Investigators arrested 13 people Wednesday and raided several locations nationwide in connection with extortion activities targeting users of a telephone chat service in more than 30 prefectures, police sources said.
Altogether, hundreds of millions of yen may have been swindled through the operation, they said.
Those arrested by a joint Miyagi, Aichi and Gifu prefectural police team include company employees Nobuyuki Kankawa, 26, Megumi Gen, 25, and Mikiko Monma, 23, all from Tokyo, as well as three unnamed juveniles. All are being held on suspicion of fraud.
Warrants were being prepared for others suspected of belonging to the same group, the sources said. The locations raided included the office of Groovin', a company in Tokyo's Shibuya Ward. Police were also preparing a warrant for the firm's 27-year-old president, whose whereabouts are not known, they said. His name was not released.

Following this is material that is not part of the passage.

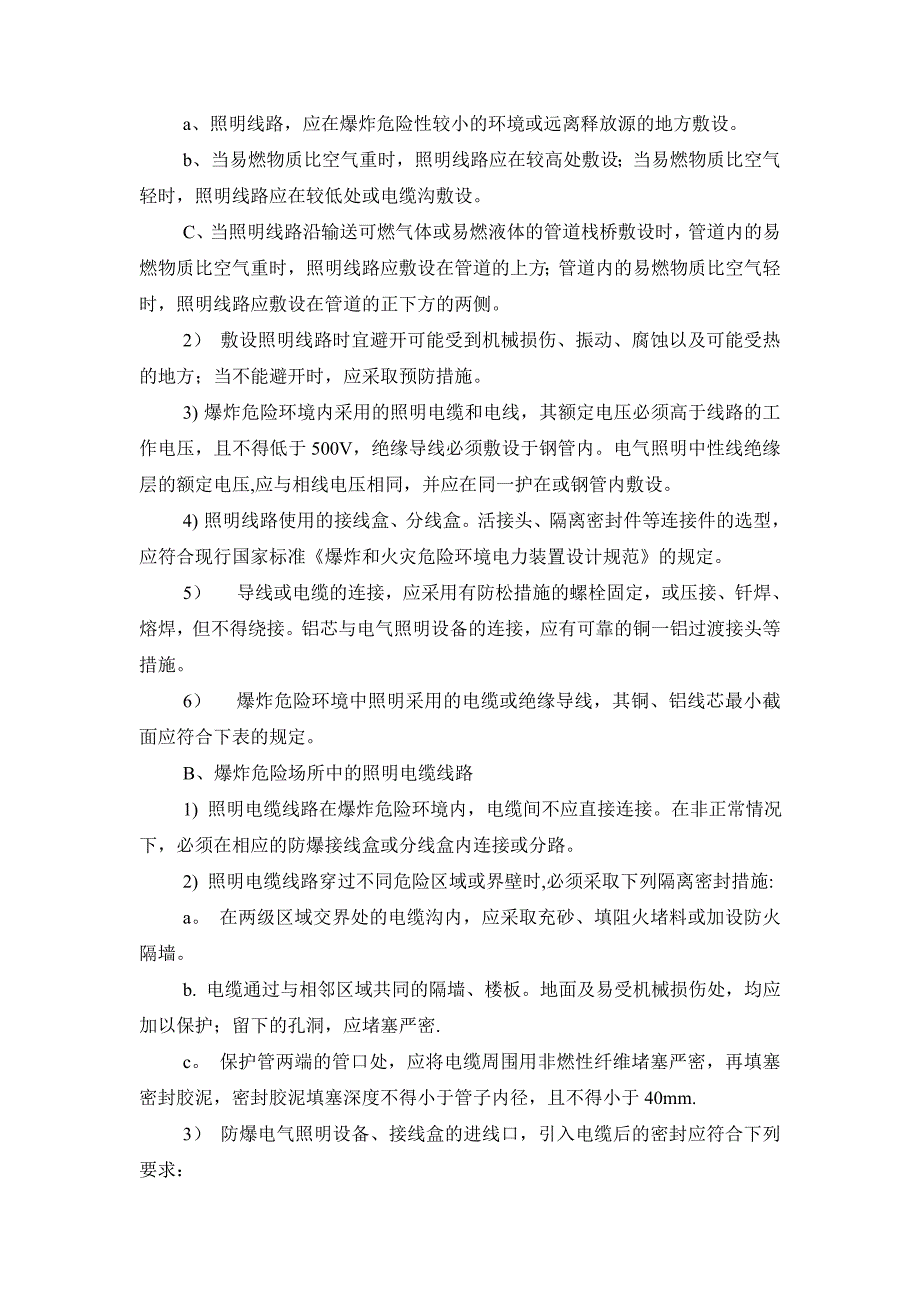 电气照明施工方案.doc_第3页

The sources alleged that the group contacted at least five users of the phone service, including a 21-year-old man residing in Saitama Prefecture, during the period spanning from late January to early this month and falsely told them their chat-line phone bill payments were in arrears.

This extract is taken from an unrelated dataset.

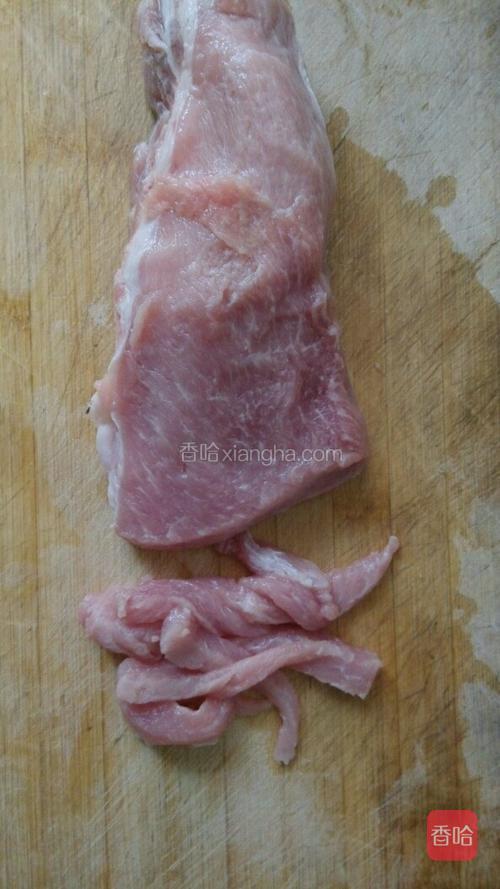 里脊肉,按肉的纹理切细长丝.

The group threatened to bring the case to the attention of "those who would collect such debts through unpleasant means" if the money was not repaid, and swindled the five men out of about 247,000 yen in total, the sources said.
The telephone "chat services" usually provide a medium for men and women to talk with each other without knowing the other's identity.
Police are currently looking into how the group managed to get lists of users of these services and exactly how much money was involved, sources said.